I'm taking Coursera Machine learning course. so who take this courses will able to help this problem.
this is the octave code to find the delta for gradient descent.
theta = theta - alpha / m * ((X * theta - y)'* X)';//this is the answerkey provided
First question) the way i know to solve the gradient descent theta(0) and theta(1) should have different approach to get value as follow
theta(0) = theta(0) - alpha / m * ((X * theta(0) - y)')'; //my answer key
theta(1) = theta(1) - alpha / m * ((X * theta(1) - y)')'; //my answer key
but i'm not sure why the answer key only show
theta = theta - alpha / m * ((X * theta - y)'* X)';
this equation.
Second question) what is the ' ' doing in octave code?

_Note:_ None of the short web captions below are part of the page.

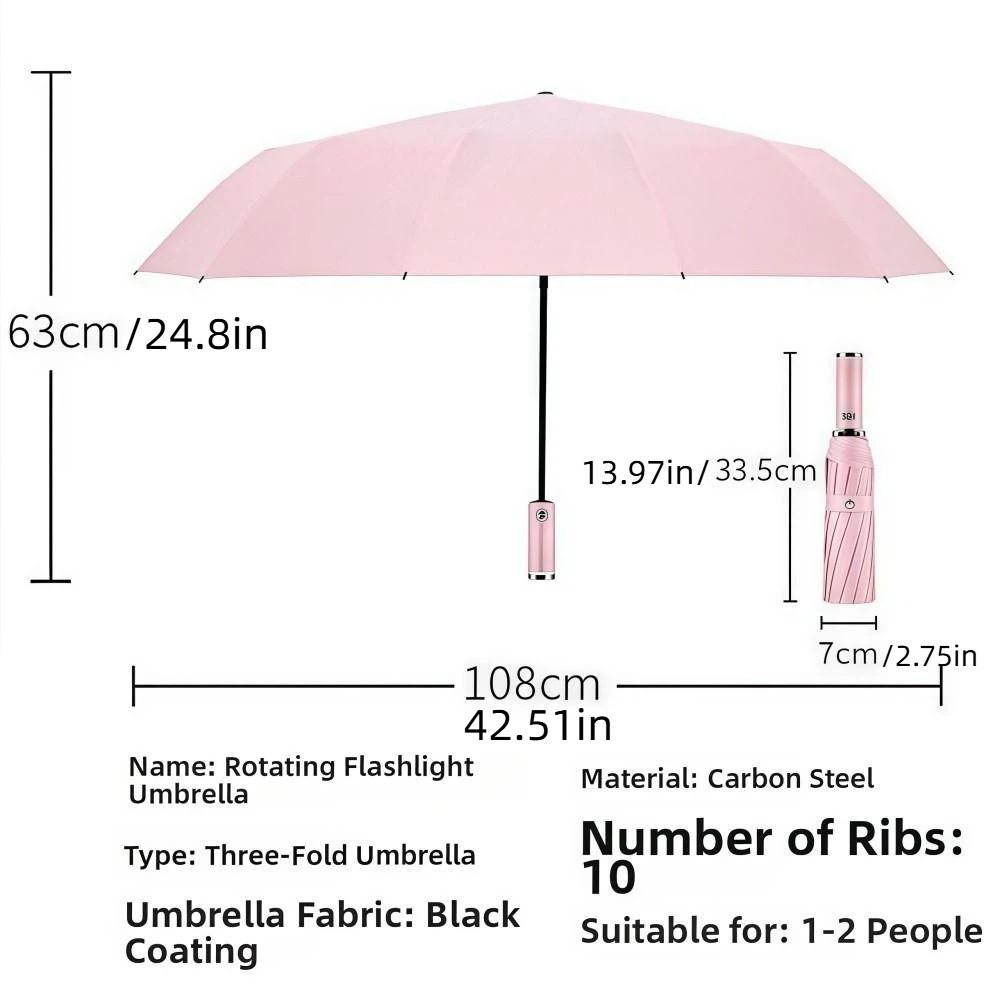 Dual-use LED Flashlight Umbrella Night Light Folding Umbrella New Automatic Umbrella Outdoor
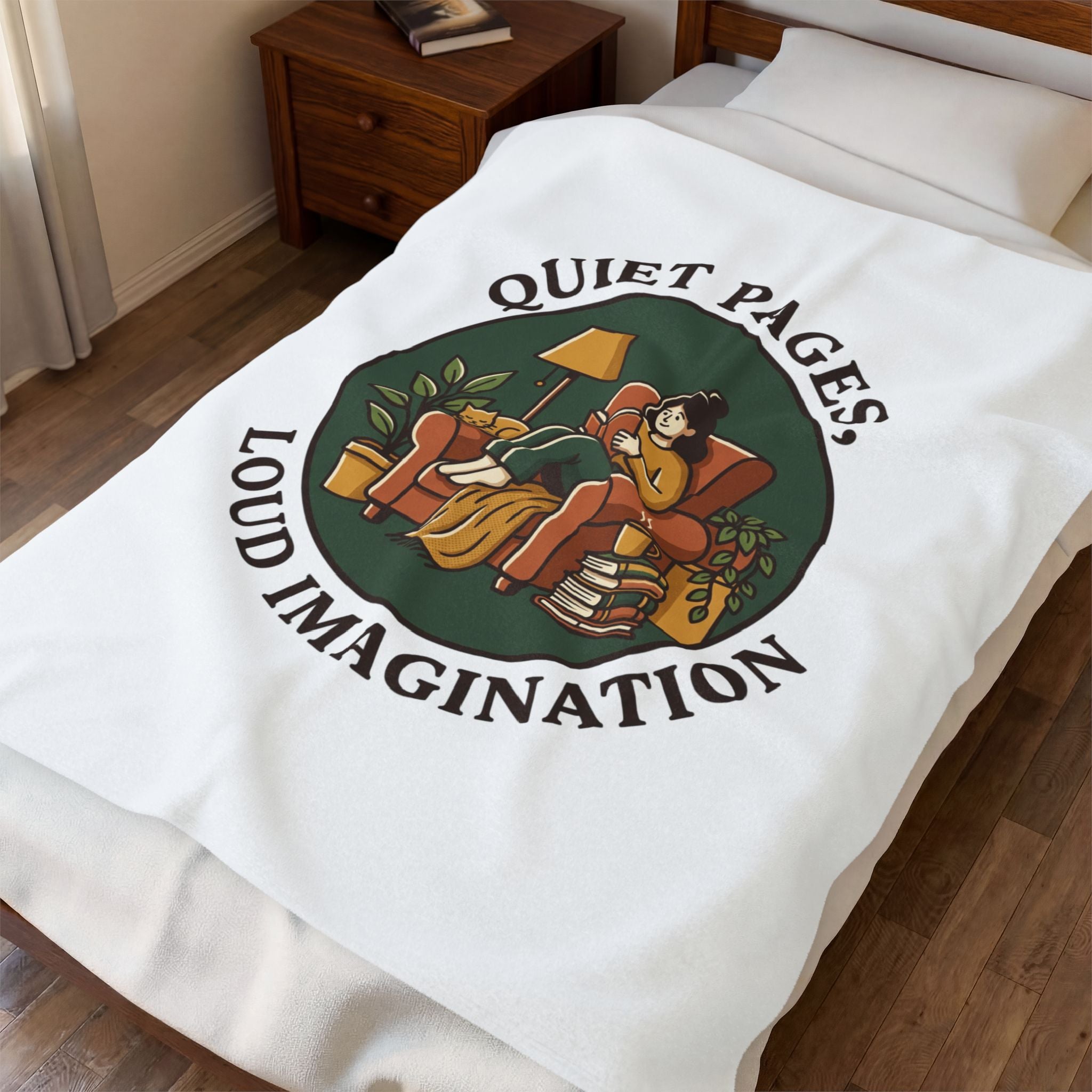 Quiet Pages Loud Imagination Velveteen Plush Blanket | Book Lover, Cozy Reading
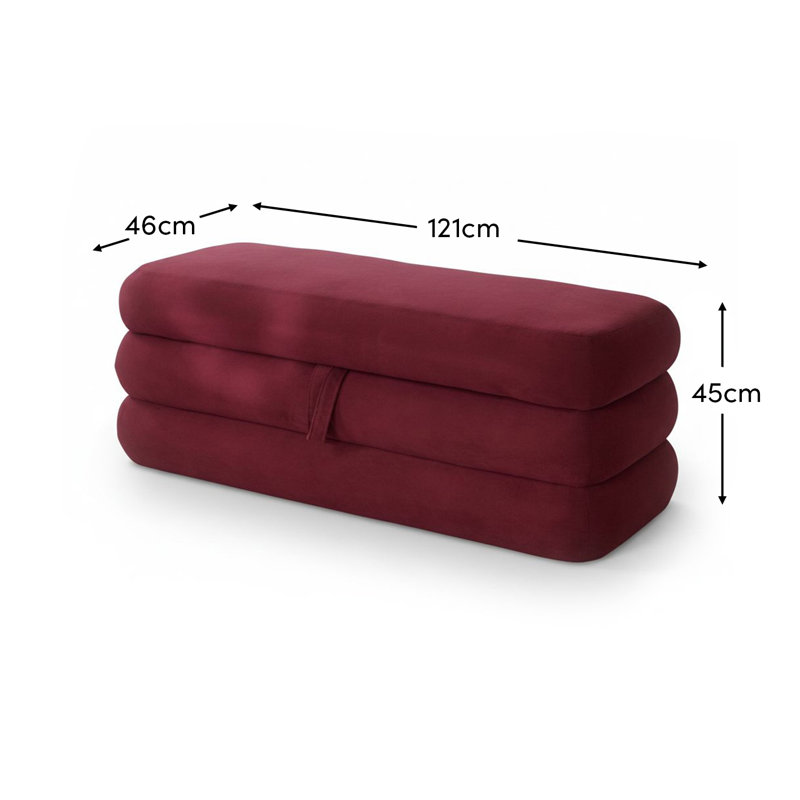 Footstool with Storage, Burgundy Red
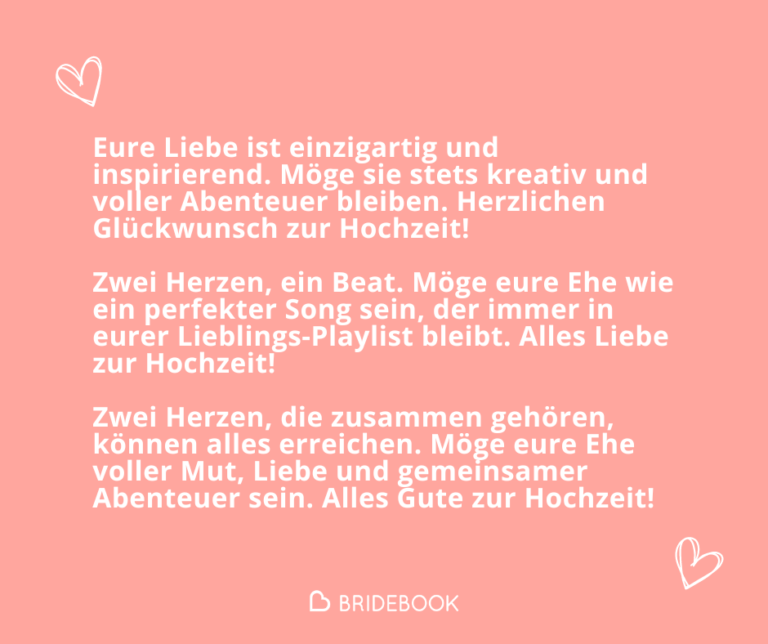 Moderne Hochzeitsglückwünsche - Ideen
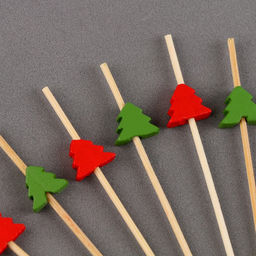 Цена за 2 шт. Шпажки для канапе новогодние «Ёлочки», в наборе 12 шт.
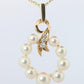 Mikimoto Pendant. Vintage 14k Yellow Gold Mikimoto Pearl Diamond Necklace wreath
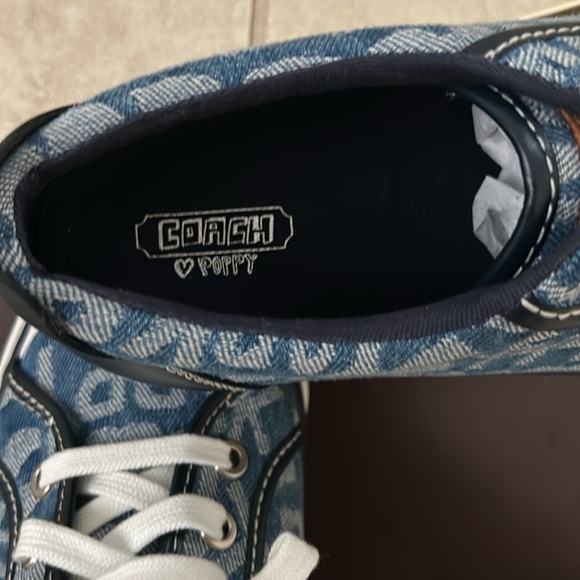 🆕 Coach Barrett Leather Canvas Fashion Sneakers Blue Women's US 8B - Picture 8 of 9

theta = theta - alpha / m * ((X * theta - y)'* X)';
'* X)' // what ' ' thing do in here
Transpose here is used for matching the columns of the X with rows of theta. Ex: size of X=97x2; y=97x1; theta=2x1;
first calc is X * theta. The size of the resulting matrix will be 97x1. Then, the sub of two same size matrices. Now, we have to multiply X with the matrix obtained from the previous step. But, the sizes are different (97x1) * (97x2)
Thus transposing the first matrix makes multiplication possible. This results in a new matrix of size 1x2 (row vector). But, theta is of size 2x1 (column vector). Hence the final transpose.